The big question, of course, is the filmmakers' intentions in this scene. The fact that something so fundamental about our protagonist is such an open question doesn't bode well for the rest of this story, which is all about people hiding their real natures and secrets from the past. Is Will (Claes Bang), the husband, just momentarily paralyzed with fear for what might happen to his wife, or in some way that he knows or doesn't fully understand, is he secretly hoping that she'll fall?

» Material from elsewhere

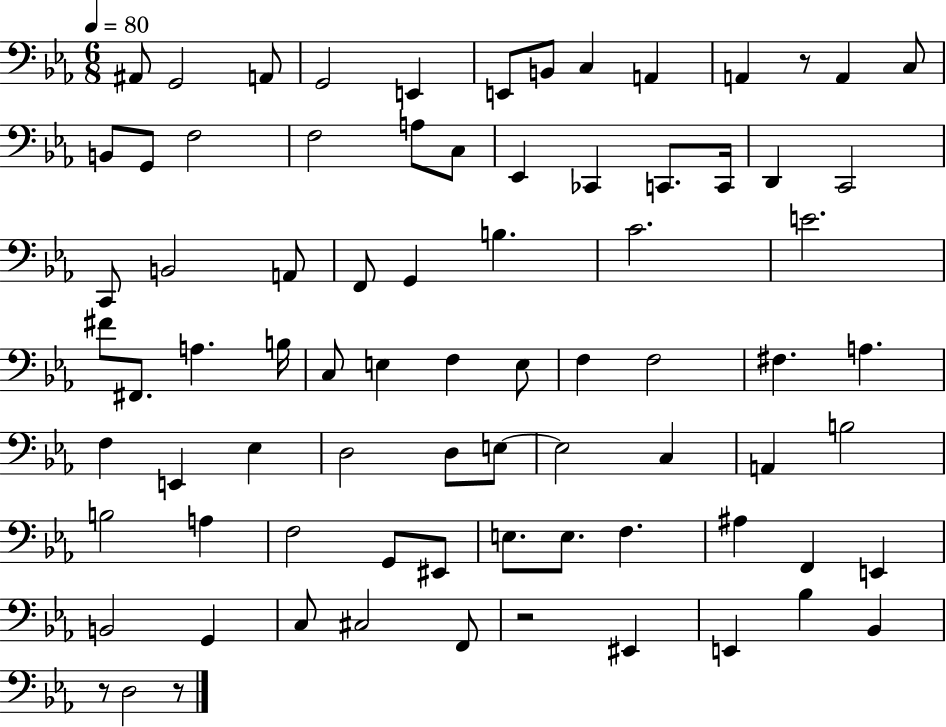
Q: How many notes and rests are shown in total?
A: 79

Based on everything that follows in this story, the first option is probably the correct one, but why, then, is there even a question about his character in this moment? Is it the screenplay, based on Lisa St Aubin de Terán's novel, setting up the possibility that Will might have some darker impulses, only to drop them once the real plot takes over? Is it just an unforced error on Van der Oest's part, unintentionally imbuing the scene with a sense of quiet menace through the timing and the editing? Is it that Bang's performance simply doesn't communicate the appropriate reaction for the character in the scene?

In the big picture, focusing on this isolated scene, which ultimately means nothing for the rest of the story (The wife falls but gives birth without any immediate complications), is probably pointless. It does, though, become a running concern for the rest of the movie, which speeds through, overlooks, or dismisses key elements of the characters and its plot. It happens with such consistency that relationships are often unclear, the characters' actions sometimes feel uncertain, and the story seems divided into too many threads to really determine which one is actually important.

After Will's wife Rosalind (Olga Kurylenko) gives birth to their son, she begins to suffer from what appears to be post-partum depression. Will, busy with work, notices but believes everything will be fine.

One day, after nights of sleepwalking and being convinced that her new baby's twin was stolen from the hospital, Rosalind disappears with the kids and their nanny (played by Shalisha James-Davis). Shortly after, Will receives an anonymous package, mailed from a small village in Normandy and containing an old camera case. He drives to the town from London, where he discovers his stepdaughters acting strangely, the nanny missing, and his wife locked away in a decrepit house by the shore.

Something has gone horribly wrong. Even after that, Will learns that there's a lot about his wife that she and others have kept hidden from him.

The driving force of the rest of the plot has Will determined to protect his wife, whose mental health issues are far more serious than he first imagined. The way the movie treats this as a twist and then uses it to transform Rosalind into a distressed damsel is rather unfortunate. That's especially true, considering how the dual mysteries of this story—what happened in that house and what happened to Rosalind in the past—revolve entirely around her (The character is reduced to little more than a prop by the end, to be passed around by men with their own honest or twisted ideas about saving or "saving" her).

Other characters here include Rosalind's mother (played by Alice Krige), who exists to fill in Will's gaps of knowledge about his wife, and Milton (Brian Cox), Rosalind's stepfather who wants to make sure she's taken care of financially and has the connections to keep at least one apparent crime quiet. There are others, following or being chased by Will in order to provide more information. Much of this story is ultimately a hunt for exposition.

There is a story of genuine pain and trauma at the heart of The Bay of Silence. If the movie had cared about its characters beyond just people who exist to look for and state information, that story might have mattered.